Above is the observed voltage drop on the three power lines of the CB1: 5V, 3.3V and VAN. This is under ideal test conditions with power comming from a power supply with high gauge wires. You'll likely see a bigger drop that starts earlier with a regular USB cable - and even worse with long cables.
Note the 5V line starts dropping well before the 500 mA mark, which is the max output from a USB 2.0 port.
Note that the 3.3V line is stable untill 2000 mA, where the 5V line has dropped so much that the AMS1117 can't do its job properly anymore.
Note the VAN line staying perfectly stable, just a small upswing around 3000 mA.
Around 3000 mA is where the 3.3V line drops to 2.9V, and the RP2040 shuts down.
If we increase the voltage of the power supply to 5.5V, we get a completely different picture:
The extra 0.5V input to the switching converter will give the headroom it needs to hold the voltage steady all the way up to 2000 mA load. And the 3.3V line never drops because the 5V line doesn't go low enough to give the AMS1115 any trouble. As expected, VAN is also stable.
Further increasing the input voltage to 9V:
You'll see the voltage drop is eliminated alltogether, however, we're intruducing a new potential issue - which is EMI. 3000 mA with 9V supply gives off a lot of EMI, potentially messing with your magnetic sensors.
While this is unlikel to ever be a scenario, the VAN line is also more stable than 3.3V line if the load is on the 3.3V line. Here going up to 1000 mA, which is the max rating for the AMS1115:
Conclusion:
5.5V - 6.0V power supply is ideal to avoid voltage drop and avoid EMI.
Higher voltage power supplies work well as long as you're not pushing heavy load.
Most DIY designs uses a powered hub for a boosted 5V line. The VAN will give you a steady power supply for analog sensors in these cases.
Because VAN is used as the reference voltage for the RP2040, you should use VAN for analog switches even if you dont have any voltage drop on the 3.3V line. At least if you're using ADC9-12 pins.
The level shifter IC changes the voltage on the LED data line from 3.3V to 5V to harmonize with the 5V power supply for the LEDs. It ends up in a connector/wire holes with access to VCC/LED PIN/GND for a tidy connection for your LED strip.
RP2040 does not have EEPROM built-in. This IC give us the option to store useful stuff like bite point, LED brightness, presets, etc. on power-down. Full explaination here.

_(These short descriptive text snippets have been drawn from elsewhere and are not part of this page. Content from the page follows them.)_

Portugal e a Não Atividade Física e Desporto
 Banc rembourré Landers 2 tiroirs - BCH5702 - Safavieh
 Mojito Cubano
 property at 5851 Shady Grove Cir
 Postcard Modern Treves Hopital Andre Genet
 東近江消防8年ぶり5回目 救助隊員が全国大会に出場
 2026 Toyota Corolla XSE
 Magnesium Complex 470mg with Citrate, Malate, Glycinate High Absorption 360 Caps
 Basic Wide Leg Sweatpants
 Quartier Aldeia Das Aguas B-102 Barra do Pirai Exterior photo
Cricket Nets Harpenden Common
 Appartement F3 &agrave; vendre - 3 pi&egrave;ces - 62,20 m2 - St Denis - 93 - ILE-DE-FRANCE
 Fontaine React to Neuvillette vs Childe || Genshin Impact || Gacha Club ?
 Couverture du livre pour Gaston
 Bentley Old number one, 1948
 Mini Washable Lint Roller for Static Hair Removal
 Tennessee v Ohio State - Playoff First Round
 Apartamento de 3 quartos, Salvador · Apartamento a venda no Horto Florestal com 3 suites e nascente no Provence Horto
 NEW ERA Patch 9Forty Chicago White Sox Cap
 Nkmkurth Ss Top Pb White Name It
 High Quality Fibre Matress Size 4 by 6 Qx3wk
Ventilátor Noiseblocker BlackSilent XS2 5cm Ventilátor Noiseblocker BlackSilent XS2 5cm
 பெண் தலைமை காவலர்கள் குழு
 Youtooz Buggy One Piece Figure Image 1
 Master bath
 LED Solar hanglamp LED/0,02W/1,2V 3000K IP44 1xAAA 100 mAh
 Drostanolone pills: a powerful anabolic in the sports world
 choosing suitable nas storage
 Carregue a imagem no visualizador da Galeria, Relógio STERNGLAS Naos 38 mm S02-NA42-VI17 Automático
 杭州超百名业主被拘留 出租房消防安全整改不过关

These two ADCs provides the board with additional 8 analog inputs, with high accuracy and resolution. Full explaination here.
These two port expanders provides the board with additional 32 digital inputs. Full explaination here.
Note that the pins 1-1 and 1-2 (row 1 column 1 and row 1 column 2) have access to the I2C bus via a 0 ohm resistor. These "resistors" are placed on the back side of the board, and therefore will not be assembled. Instead, the pads serve as a solder bridge; solder the pads together to access the I2C bus with these pins. If you want to use the pins for switches, leave the solder pads as they are.
This device doesn't exist physically. It is just a symbol to organize all the pins on the board and make the schematic easier to read.